FDA Adverse Event Death Summary report: N

EAGLE EYE PLATINUM DIGITAL IVUS CATHTER

MDR report key: 2989046 · Received February 28, 2013

Report

Report Number
2939520-2013-00010
Event Type
Death
Date Received
February 28, 2013
Date of Event
January 31, 2013
Report Date
January 31, 2013
Manufacturer
VOLCANO CORP
Product Code
OBJ
PMA / PMN Number
K092596
Adverse Event
Yes
Report Source
Manufacturer report
Reporter Location
FL, US
Reporter Occupation
PHYSICIAN

Narratives

Additional Manufacturer Narrative · 1

(B)(4).

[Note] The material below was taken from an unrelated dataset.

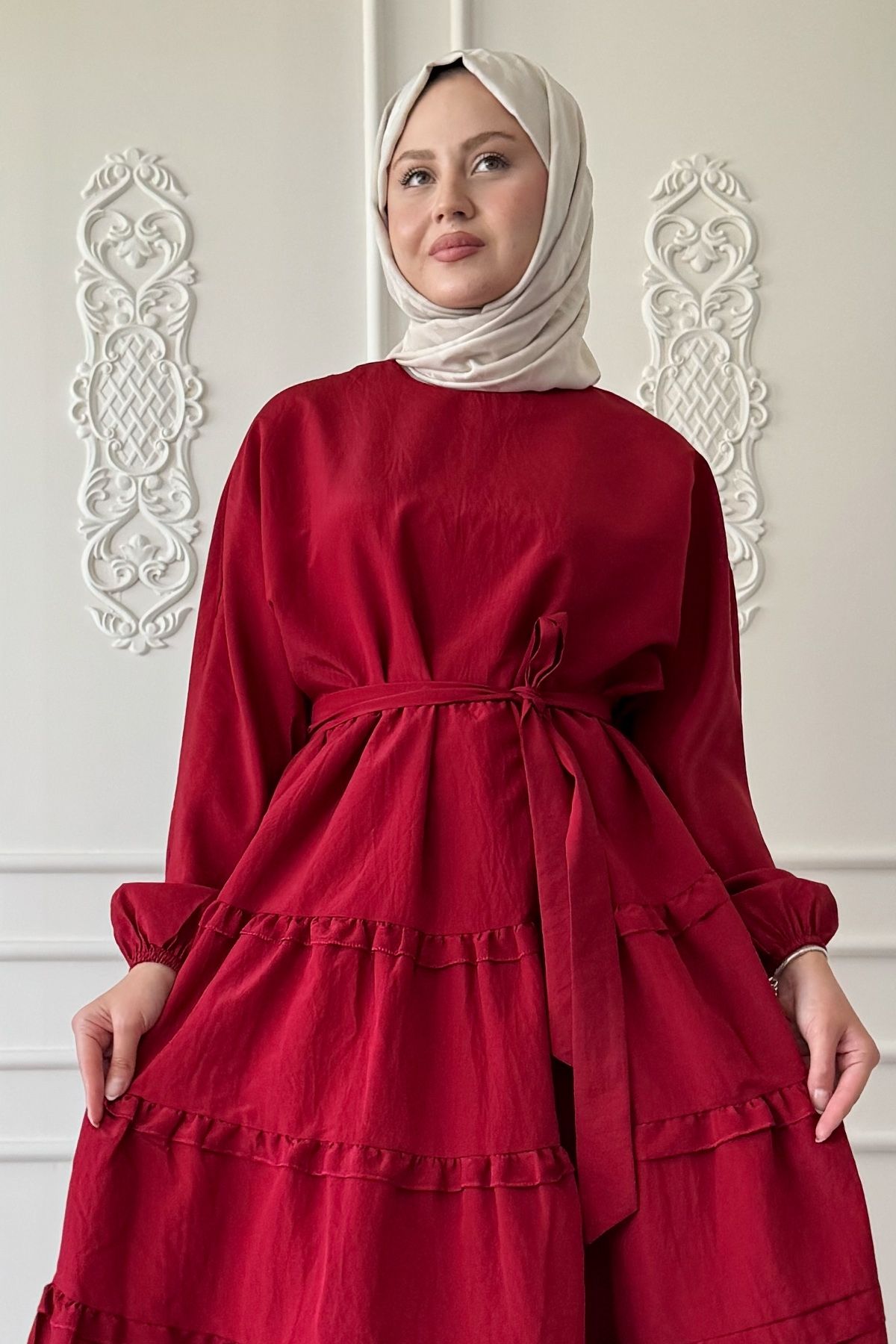 InStyle-Skirt Layer Ruffle Detail Modal Burgundy Dress 4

THE EAGLE EYE PLATINUM IVUS CATHETER WAS RETURNED TO THE MANUFACTURER FOR EVALUATION. THE DEVICE WAS VISUALLY EXAMINED UNDER A MICROSCOPE BY THE MANUFACTURER AND A KINK WAS OBSERVED IN THE PROXIMAL SHAFT AT APPROXIMATELY 58.5 CM FROM THE END OF THE DISTAL TIP. ALL OTHER ASPECTS OF THE CATHETER WERE INTACT. THERE WAS NO DAMAGE OBSERVED AT THE DISTAL OR PROXIMAL ENDS OF THE CATHETER. THERE WERE NO SHARP POINTS, JAGGED EDGES OR BURRS OBSERVED ON THE BODY OF THE CATHETER ITSELF. FURTHER FUNCTIONAL TESTING AND INSPECTION OF THE SCANNER FOUND FLUID INGRESS INTO THE PROXIMAL EDGE OF THE SCANNER AND PROXIMAL FILLET TRANSITION THUS CAUSING A SHORT. BASED ON THE PHYSICAL EXAMINATION OF THE IVUS CATHETER, THE OBSERVED DAMAGE IN THE SCANNER IS A RESULT OF AN OPENING BETWEEN THE SCANNER AND PROXIMAL FILLET WHICH ALLOWED FOR A FLUID PATH INTO THE ELECTRICAL CIRCUITRY RESULTING IN THE DEVICE FAILURE AND PROMPTING THE OBSERVED "CATHETER FAULT DETECTED" MESSAGE. THE MANUFACTURER WAS INITIATED A CONTINUOUS IMPROVEMENT PROGRAM TO INVESTIGATE THESE TYPES OF FAILURES. IN ADDITION THE MANUFACTURER'S REPRESENTATIVE WAS VERBALLY INFORMED OF THE SITUATION AND THAT IT WAS SUSPECTED THAT A SPIRAL DISSECTION FROM THE LEFT MAIN OCCURRED; HOWEVER, TO DATE, THE EXACT CAUSE OF DEATH OR ARTERIAL DISSECTION IS UNK. THE PROCEDURE WAS PERFORMED AS STAGED PROCEDURE AS THE PT RECENTLY HAD UNDERGONE A DIAGNOSTIC ANGIOGRAM AND WAS SCHEDULED FOR STENT PLACEMENT IN THE CIRCUMFLEX ARTERY. THE SITE INFORMED THE MANUFACTURER THAT A GUIDEWIRE HAD BEEN PLACED IN THE CIRCUMFLEX AND AN IVUS PULLBACK WAS SUCCESSFULLY PERFORMED, THE PHYSICIAN WAS SUSPECTED OF POTENTIAL LEFT MAIN DISEASE AND WAS DECIDING TO PERFORM THE INTERVENTION OR SEND FOR CORONARY ARTERY BYPASS GRAFT SURGERY (CABG) AT THE TIME THE PT BECAME UNSTABLE. AS STATED ABOVE, UPON MICROSCOPIC EXAMINATION THERE WERE NO SHARP POINTS, JAGGED EDGES OR BURRS OBSERVED ON THE BODY OF THE CATHETER ITSELF, WHICH WOULD HAVE CONTRIBUTED TO THIS EVENT. THE MANUFACTURER HAS REQUESTED THE ANGIOGRAM, IVUS IMAGES AND/OR CASES FILES ASSOCIATED WITH THIS CASE AND IT IS PENDING THESE FROM THE CUSTOMER.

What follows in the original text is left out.